[[ Record extracts, beginning ]]

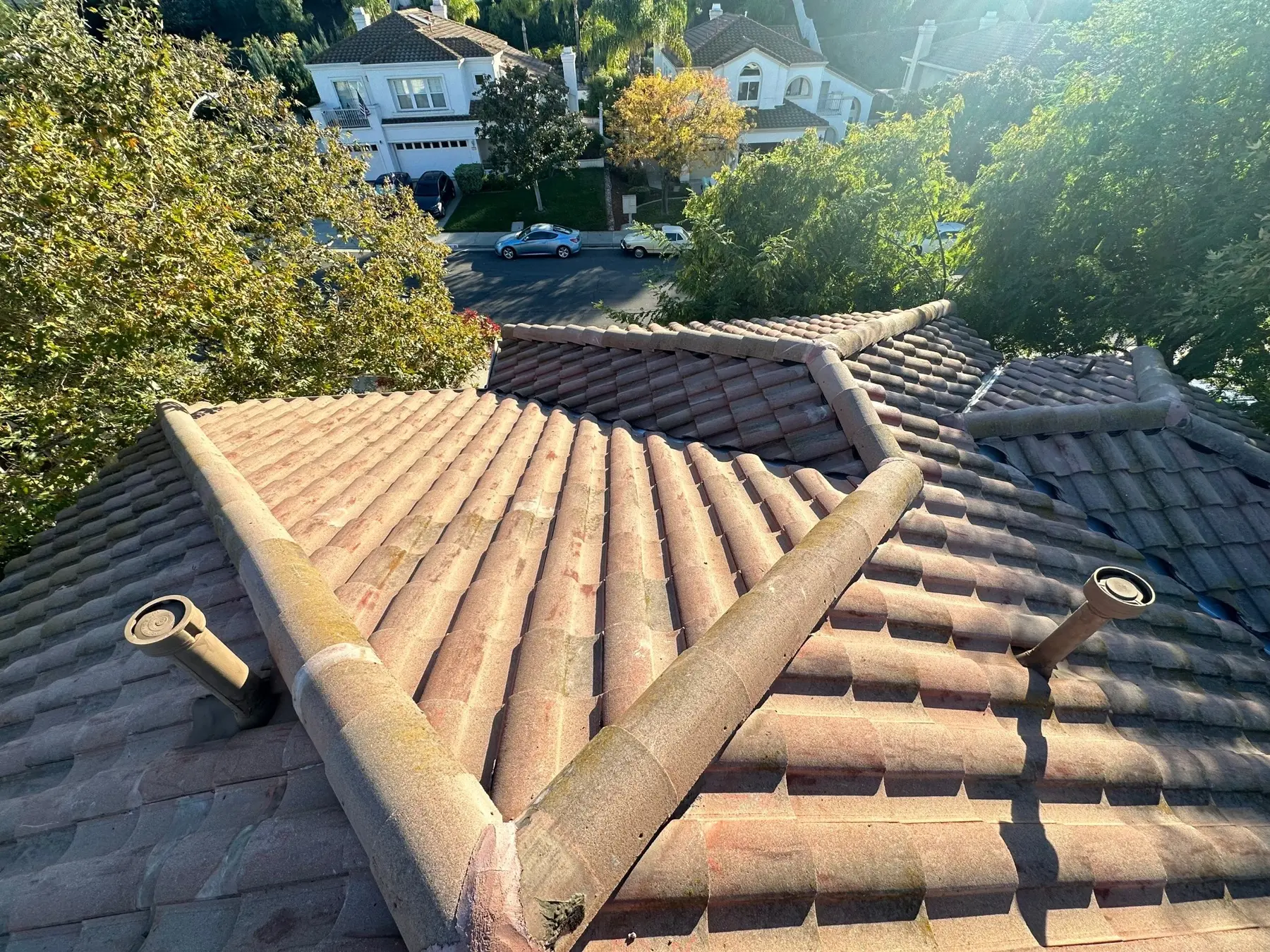 Finished tile roof after tiles were reset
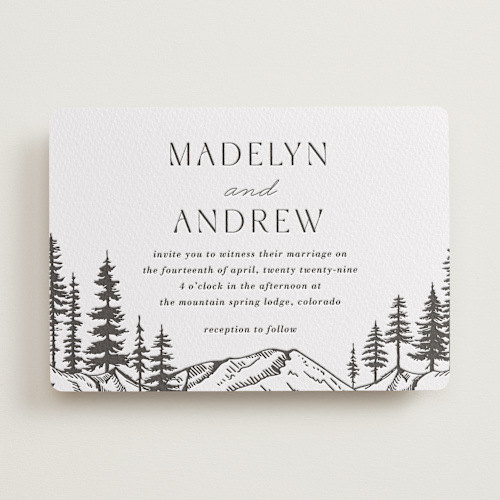 This is a soft black letterpress wedding invitations with letterpress by Winston Latchman called mountain pines printing on somerset500 in standard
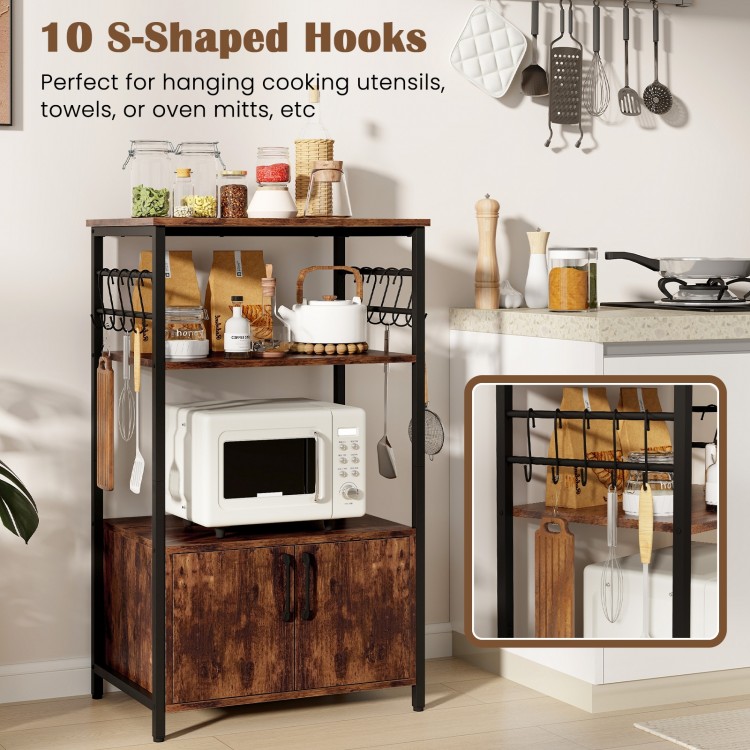 3-tier kitchen baker's rack in brown with cabinet, open shelves, and 10 hooks for hanging utensils, ideal for kitchen.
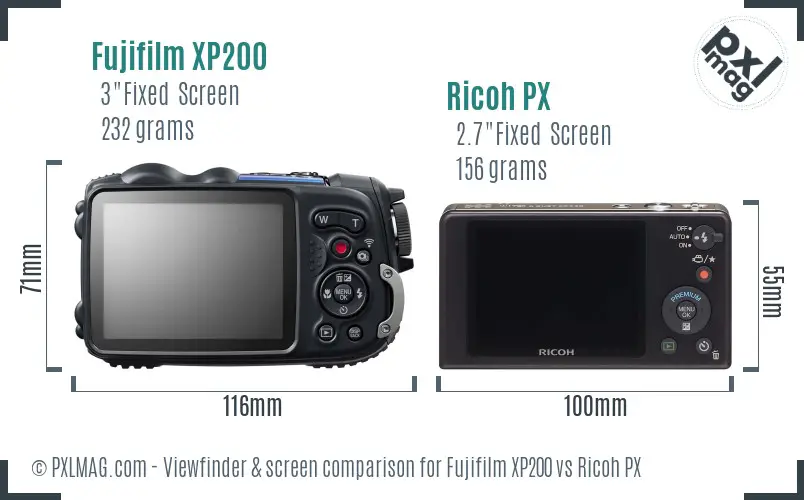 Fujifilm XP200 vs Ricoh PX Screen and Viewfinder comparison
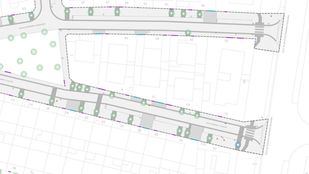 Plano detalle de alguna de las calles afectadas en la segunda fase de la remodelación colonia Primo de Rivera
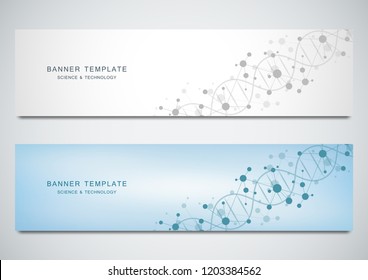 Scientific and technological vector banners. Abstract background with DNA helix and molecular structures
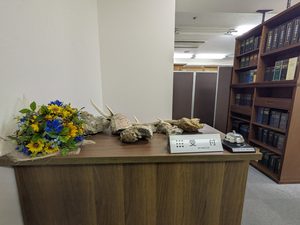花が飾られた木村雅一法律特許事務所 八王子本部の受付カウンターと法律書の本棚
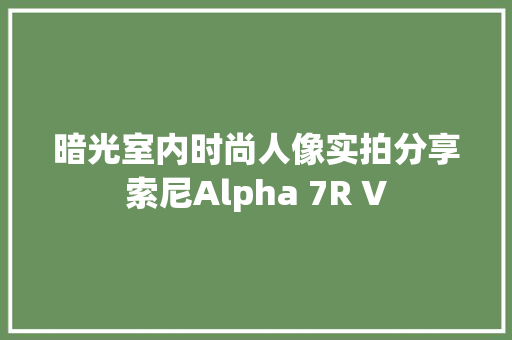 暗光室内时尚人像实拍分享索尼Alpha 7R V 暗光室内时尚人像实拍分享索尼Alpha 7R V 智能科技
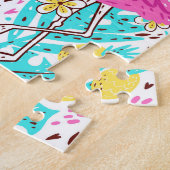 Tropical Summer Flamingo: Helle Muster Elemente Puzzle (Seite)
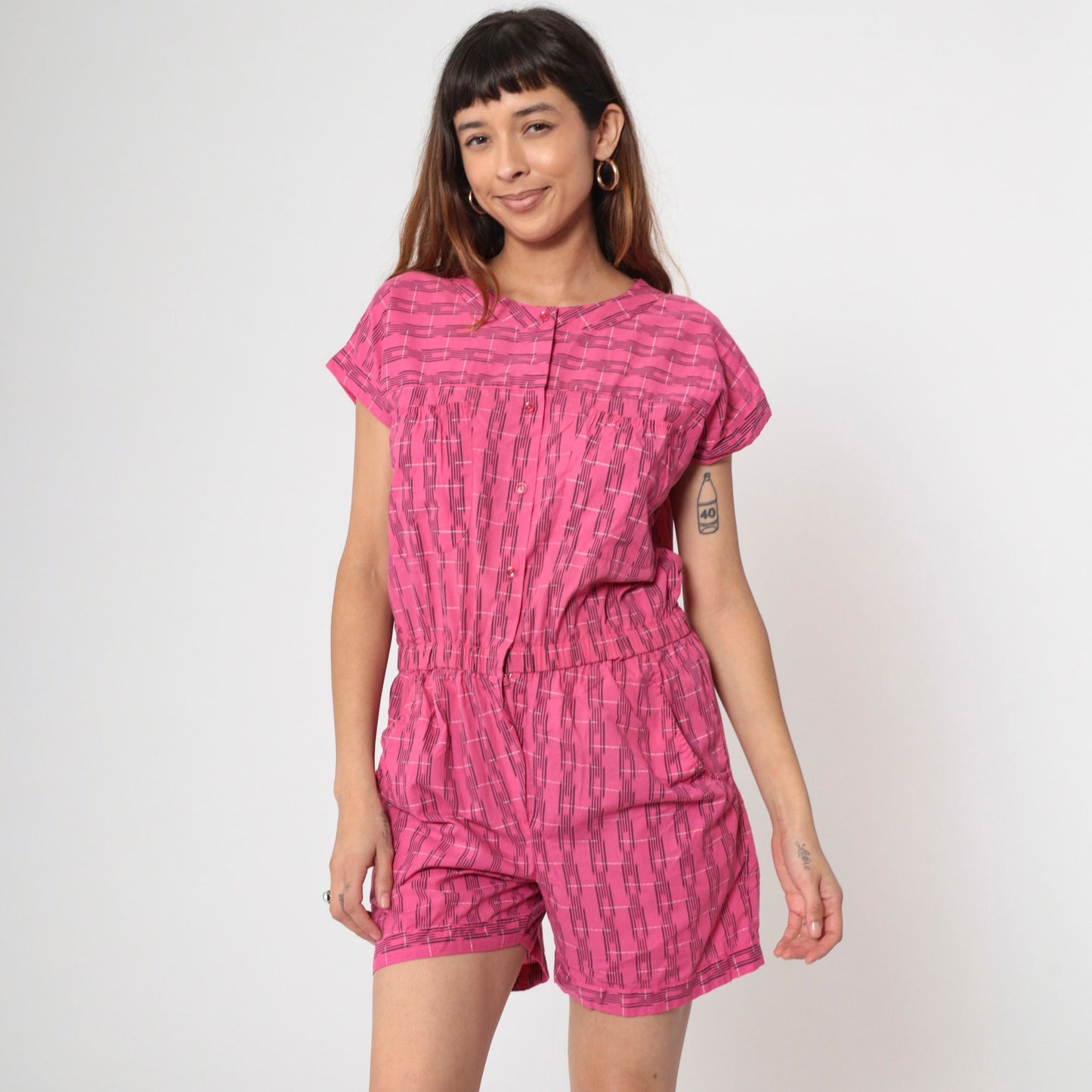 80s Bentley Pink Plaid Romper Button Front Short Sleeve Medium Large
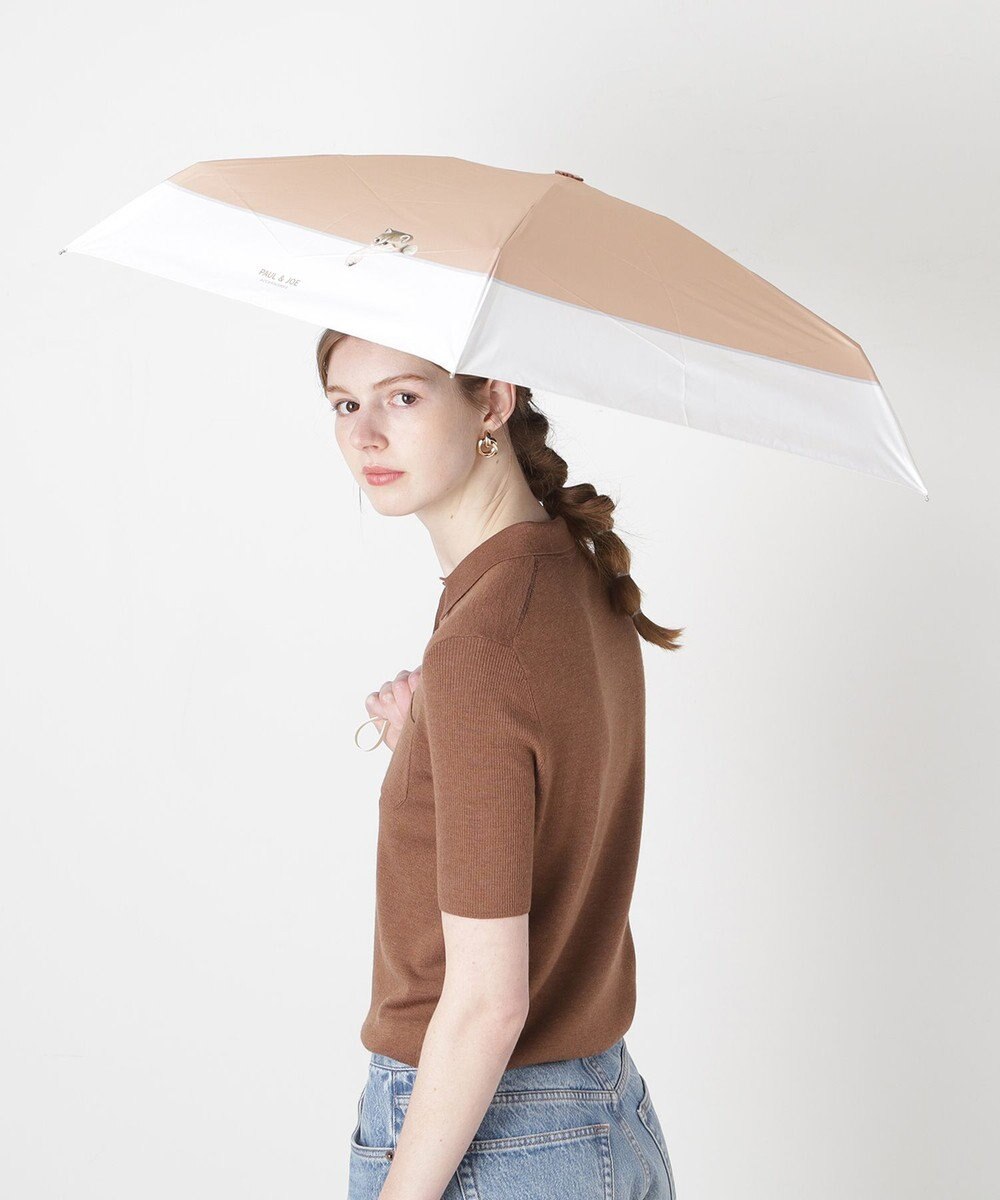 MOONBAT 【一級遮光/コンパクト】PAUL & JOE 晴雨兼用 折りたたみ日傘 軽量 スウィンギングヌネット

[[ Record extracts, end ]]

=== Your goal ===
Among the entries above, take the lines from the one with "Scientific and technological" through the one with "暗光室内时尚人像实拍分享索尼Alpha 7R V 暗光室内时尚人像实拍分享索尼Alpha" and retype them exactly, leaving out the pictures.

=== Solution for this exercise ===
 Scientific and technological vector banners. Abstract background with DNA helix and molecular structures
花が飾られた木村雅一法律特許事務所 八王子本部の受付カウンターと法律書の本棚
 暗光室内时尚人像实拍分享索尼Alpha 7R V 暗光室内时尚人像实拍分享索尼Alpha 7R V 智能科技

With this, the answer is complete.